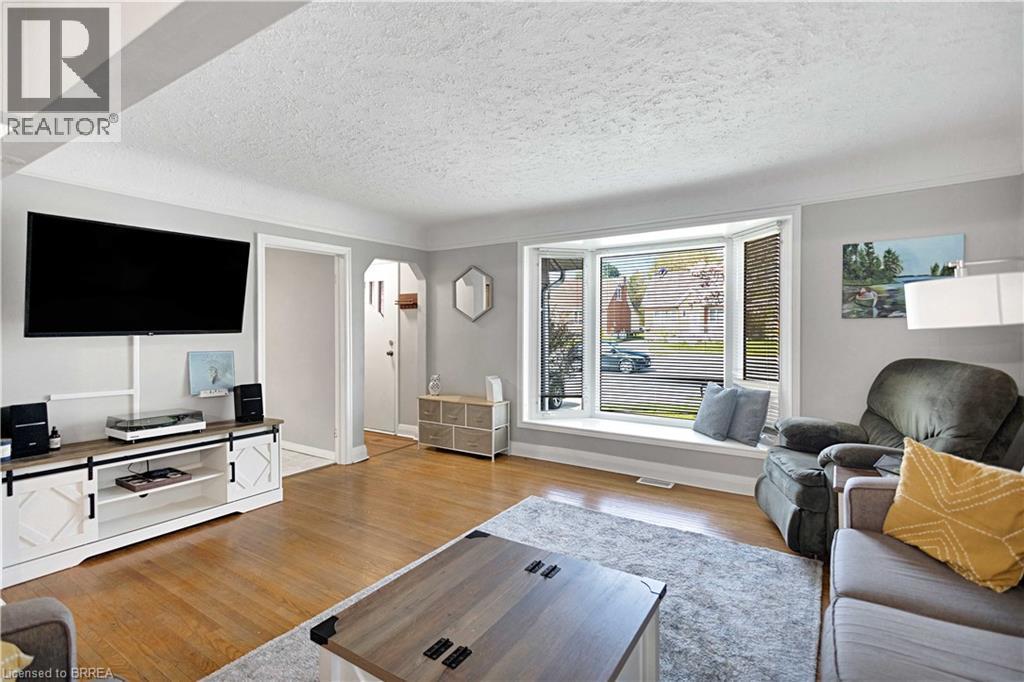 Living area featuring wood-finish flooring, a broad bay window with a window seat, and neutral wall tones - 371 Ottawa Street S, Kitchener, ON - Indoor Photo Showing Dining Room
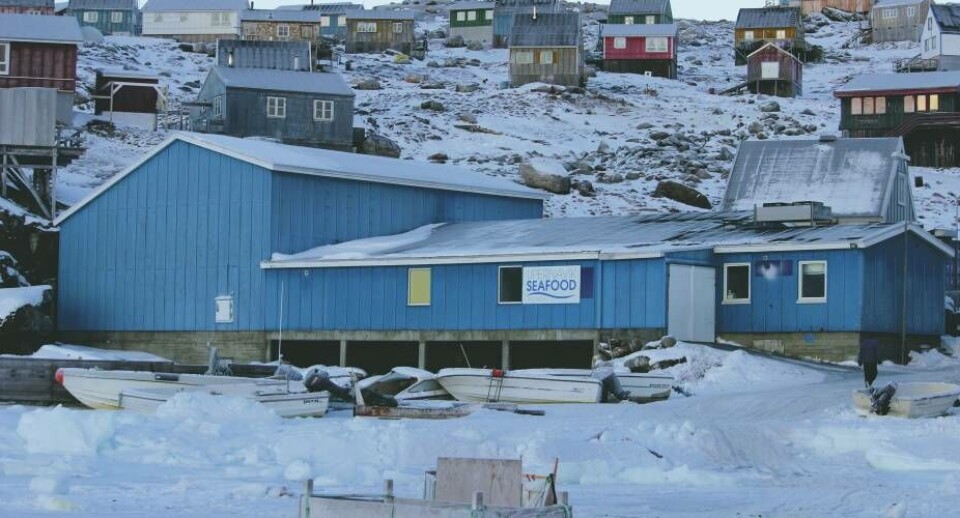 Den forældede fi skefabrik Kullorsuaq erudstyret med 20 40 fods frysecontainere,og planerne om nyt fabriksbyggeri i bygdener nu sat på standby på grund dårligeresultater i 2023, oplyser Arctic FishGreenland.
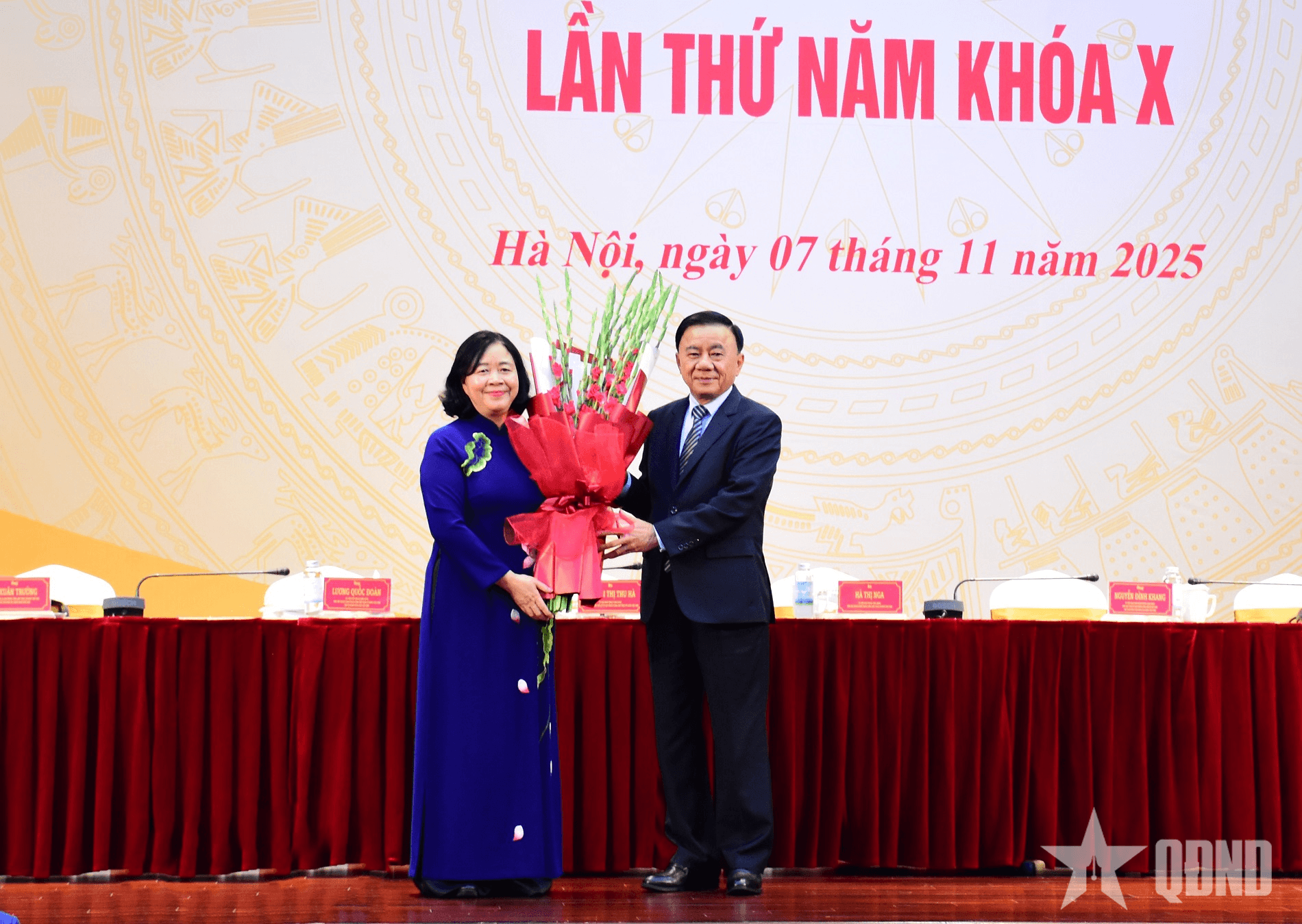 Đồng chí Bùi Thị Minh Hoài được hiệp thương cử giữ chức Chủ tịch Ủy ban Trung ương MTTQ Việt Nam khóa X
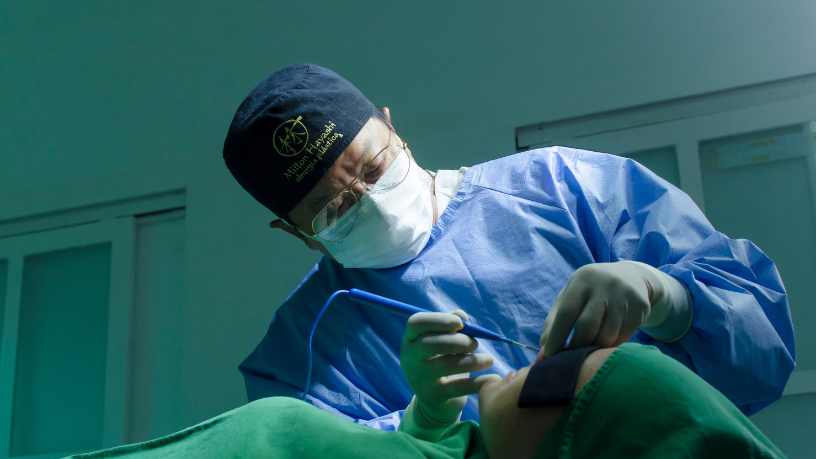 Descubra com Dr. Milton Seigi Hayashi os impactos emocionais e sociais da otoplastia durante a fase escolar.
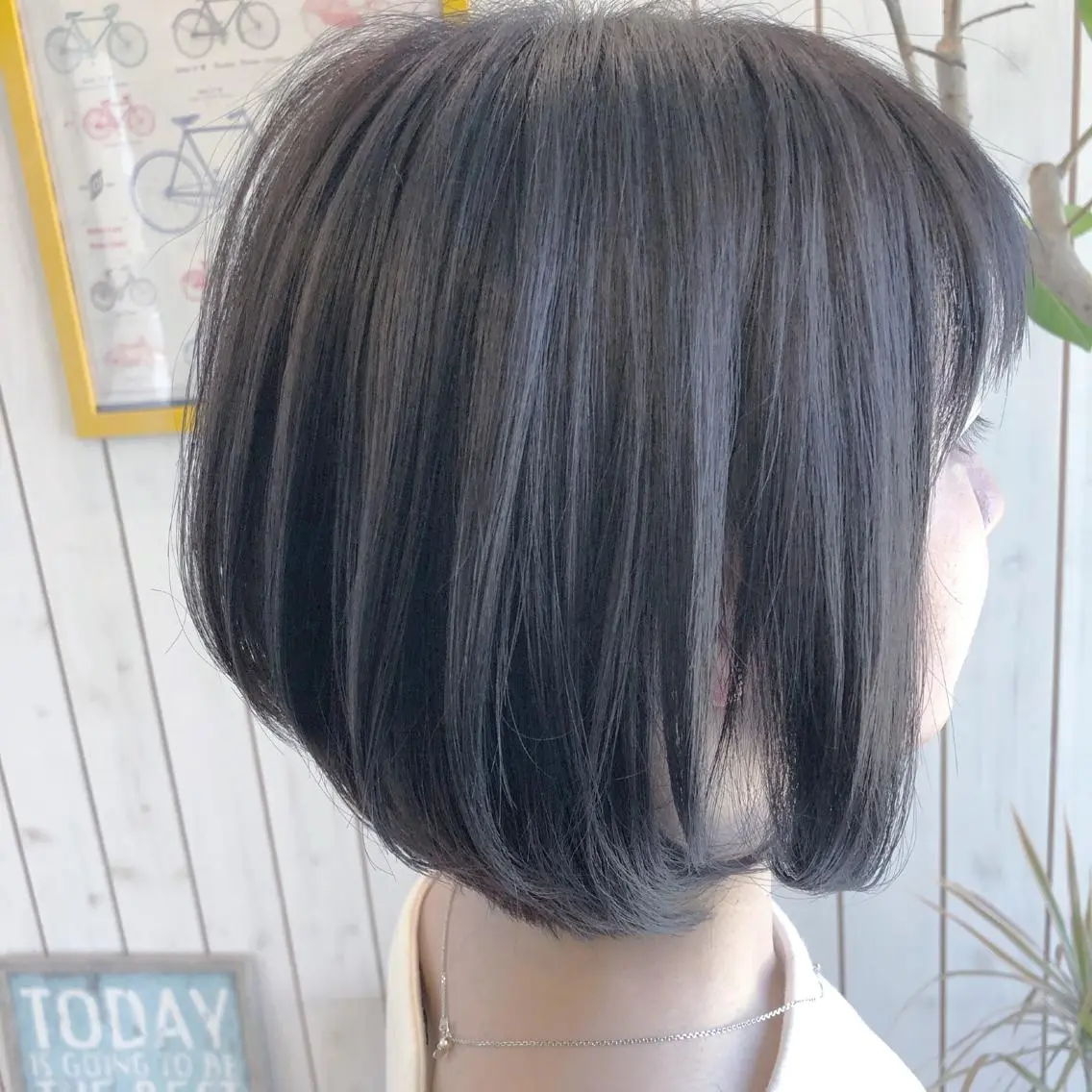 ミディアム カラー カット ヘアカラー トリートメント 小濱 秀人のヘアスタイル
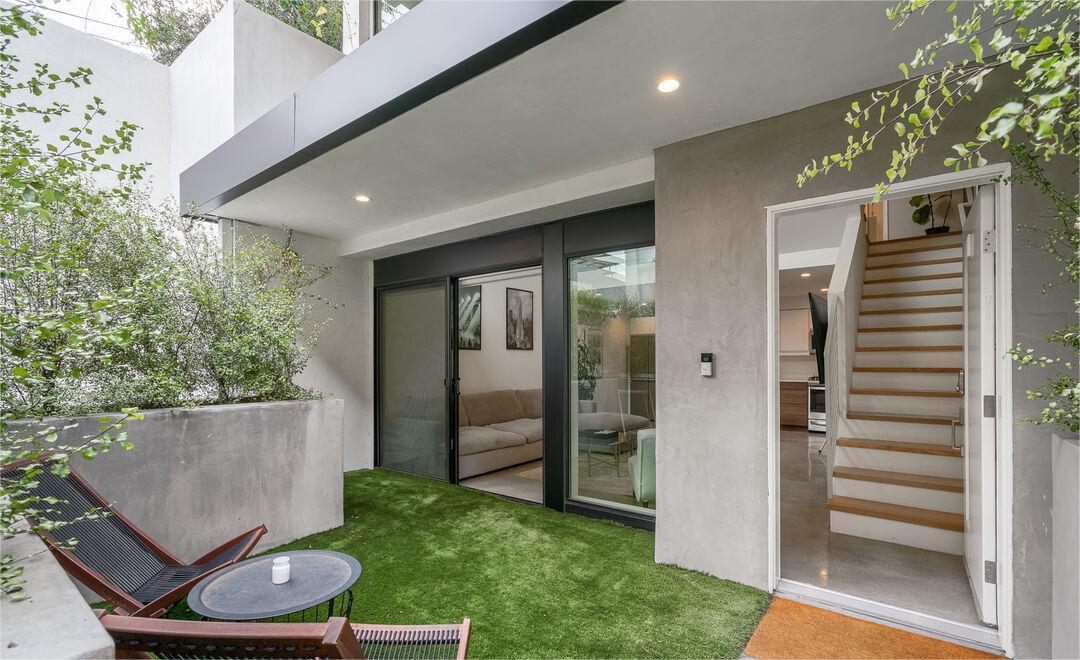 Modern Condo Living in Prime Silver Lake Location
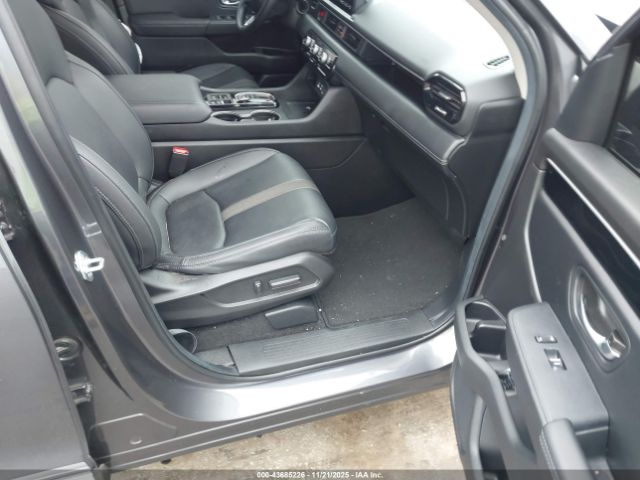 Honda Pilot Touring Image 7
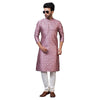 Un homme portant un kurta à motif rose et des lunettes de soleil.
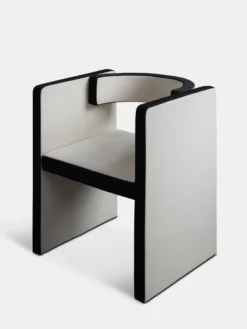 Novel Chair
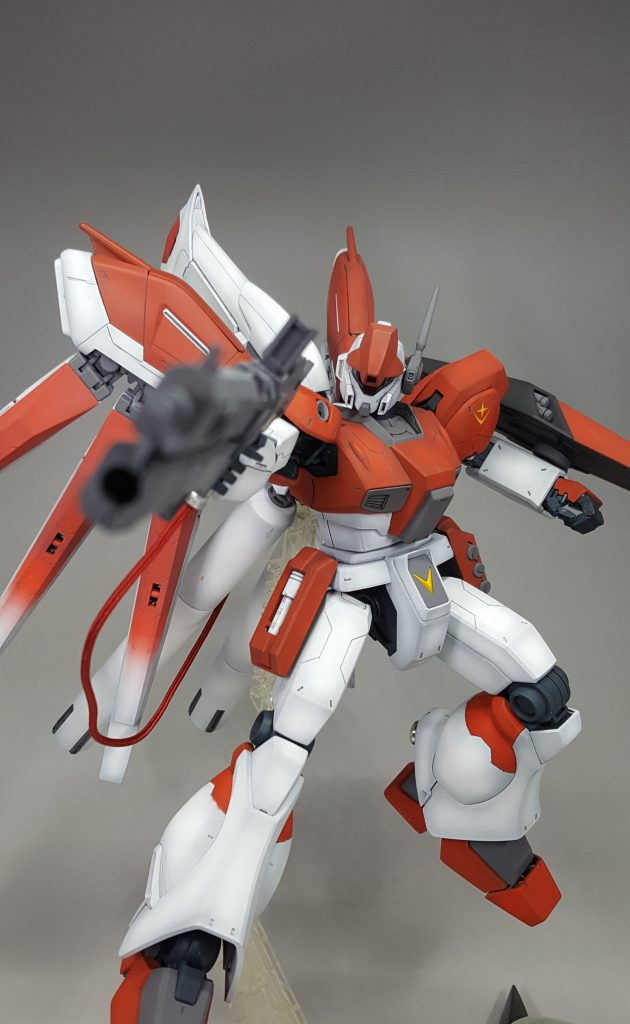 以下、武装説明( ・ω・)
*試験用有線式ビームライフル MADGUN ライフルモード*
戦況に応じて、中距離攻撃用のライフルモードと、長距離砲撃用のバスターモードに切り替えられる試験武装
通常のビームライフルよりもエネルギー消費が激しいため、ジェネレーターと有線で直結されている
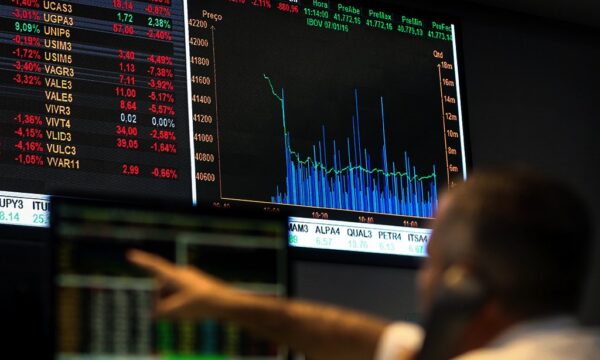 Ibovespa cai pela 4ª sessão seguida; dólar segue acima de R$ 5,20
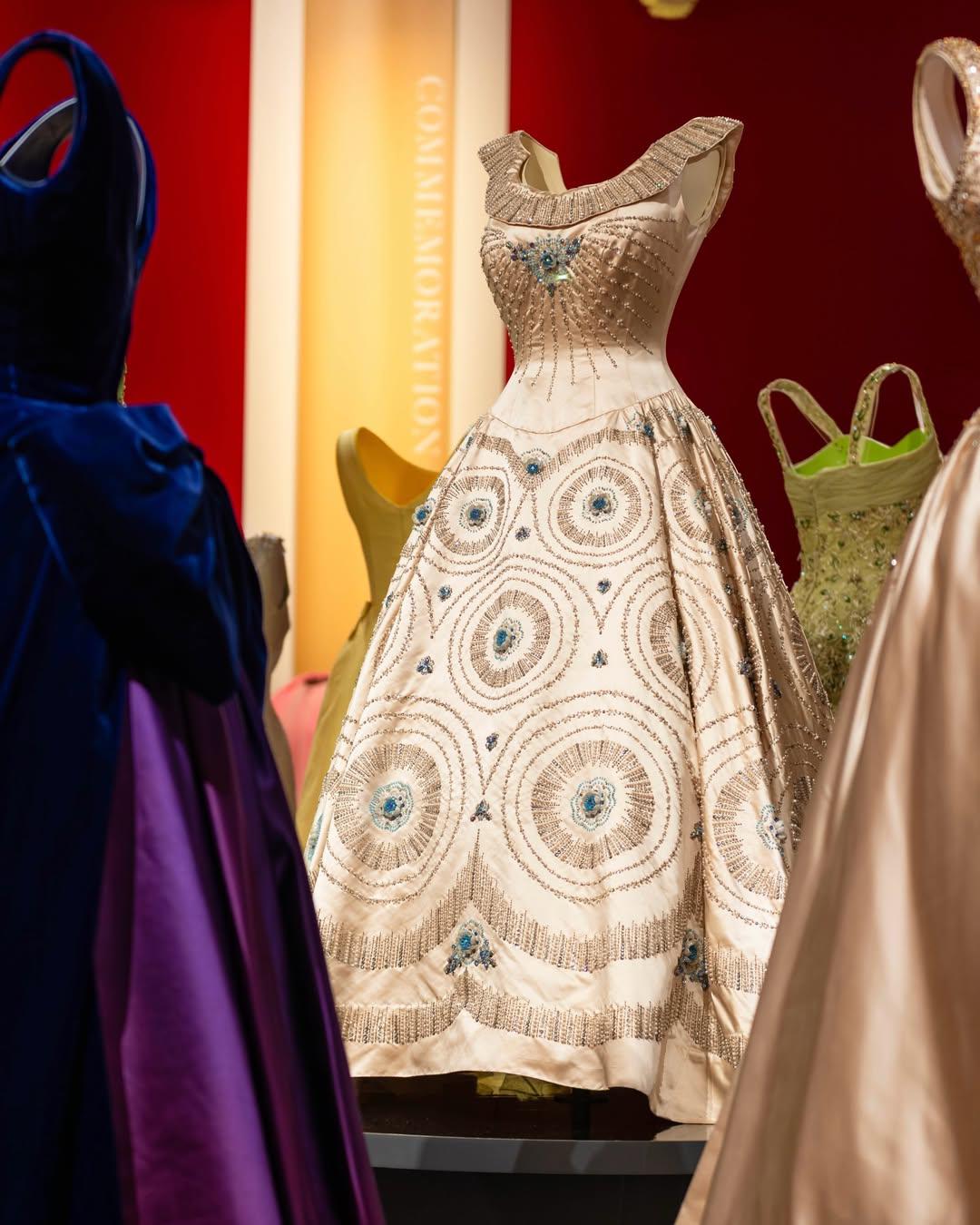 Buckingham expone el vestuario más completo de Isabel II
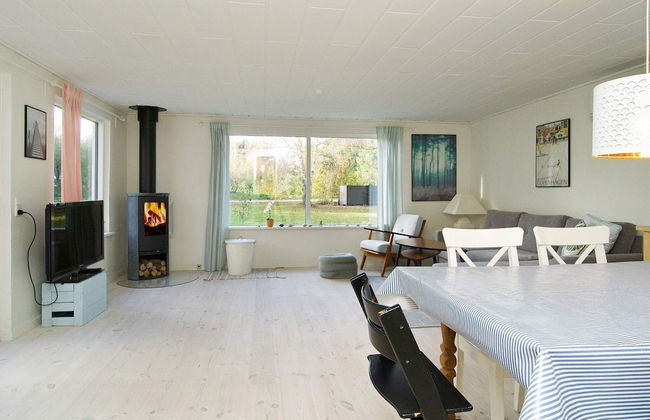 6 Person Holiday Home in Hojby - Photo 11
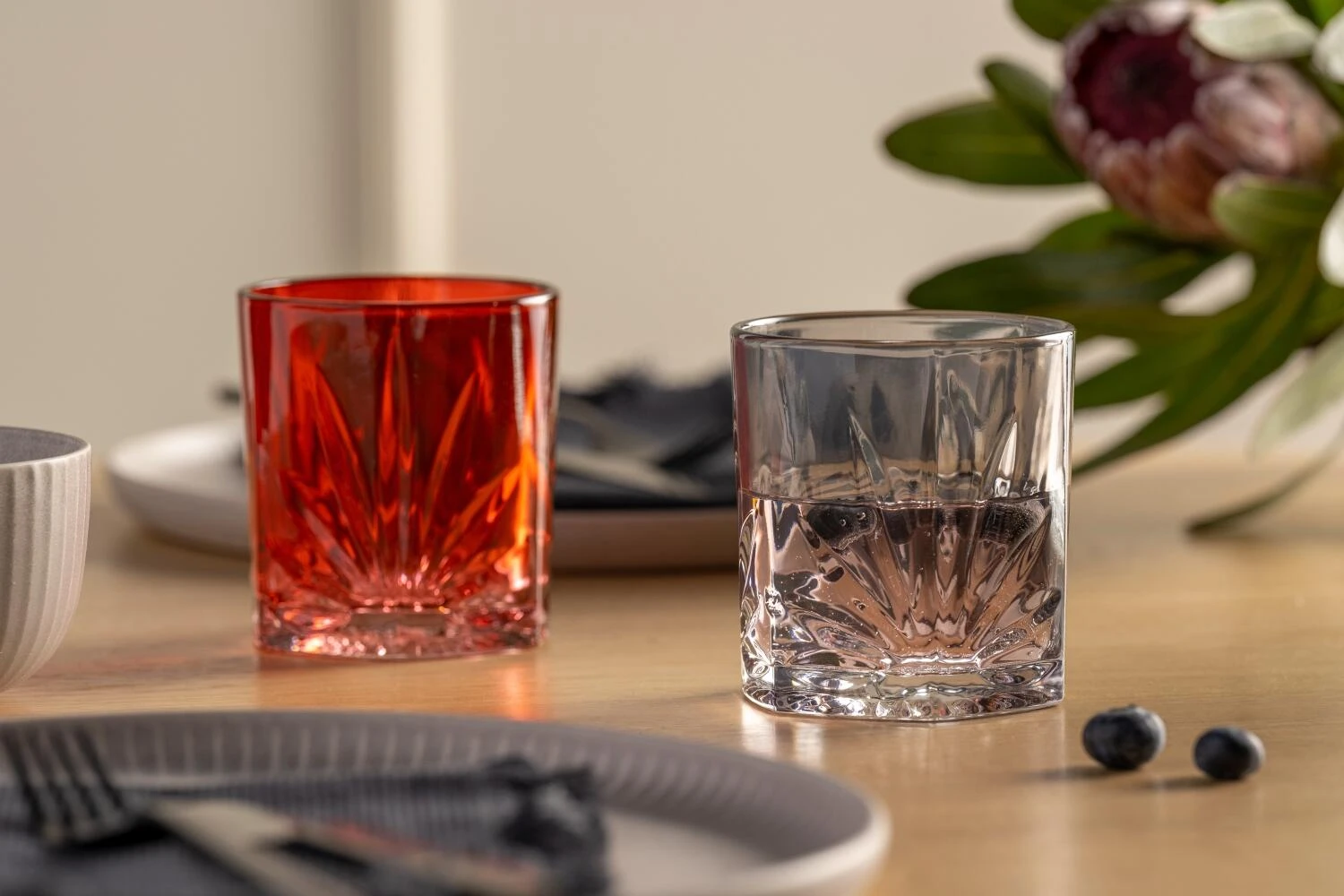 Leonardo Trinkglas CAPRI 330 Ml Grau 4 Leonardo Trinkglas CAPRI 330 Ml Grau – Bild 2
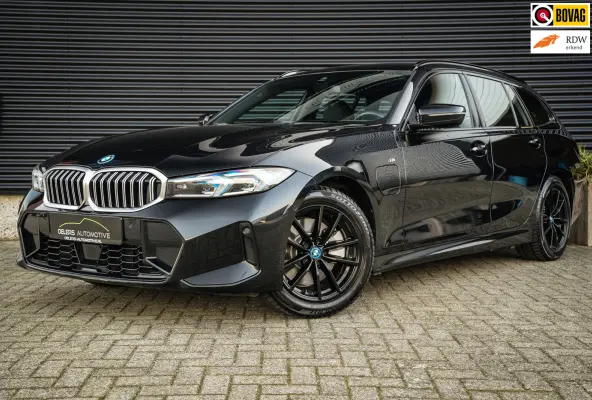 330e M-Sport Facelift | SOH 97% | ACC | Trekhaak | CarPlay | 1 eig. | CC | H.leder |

********************

◆ WORK REQUEST ◆
Write out the whole listing exactly as it appears, and omit the pictures.

◆ COMPLETED TASK ◆
 Living area featuring wood-finish flooring, a broad bay window with a window seat, and neutral wall tones - 371 Ottawa Street S, Kitchener, ON - Indoor Photo Showing Dining Room
 Den forældede fi skefabrik Kullorsuaq erudstyret med 20 40 fods frysecontainere,og planerne om nyt fabriksbyggeri i bygdener nu sat på standby på grund dårligeresultater i 2023, oplyser Arctic FishGreenland.
 Đồng chí Bùi Thị Minh Hoài được hiệp thương cử giữ chức Chủ tịch Ủy ban Trung ương MTTQ Việt Nam khóa X
 Descubra com Dr. Milton Seigi Hayashi os impactos emocionais e sociais da otoplastia durante a fase escolar.
 ミディアム カラー カット ヘアカラー トリートメント 小濱 秀人のヘアスタイル
 Modern Condo Living in Prime Silver Lake Location
 Honda Pilot Touring Image 7
 Un homme portant un kurta à motif rose et des lunettes de soleil.
 Novel Chair
 以下、武装説明( ・ω・)
*試験用有線式ビームライフル MADGUN ライフルモード*
戦況に応じて、中距離攻撃用のライフルモードと、長距離砲撃用のバスターモードに切り替えられる試験武装
通常のビームライフルよりもエネルギー消費が激しいため、ジェネレーターと有線で直結されている
 Ibovespa cai pela 4ª sessão seguida; dólar segue acima de R$ 5,20
 Buckingham expone el vestuario más completo de Isabel II
 6 Person Holiday Home in Hojby - Photo 11
 Leonardo Trinkglas CAPRI 330 Ml Grau 4 Leonardo Trinkglas CAPRI 330 Ml Grau – Bild 2
 330e M-Sport Facelift | SOH 97% | ACC | Trekhaak | CarPlay | 1 eig. | CC | H.leder |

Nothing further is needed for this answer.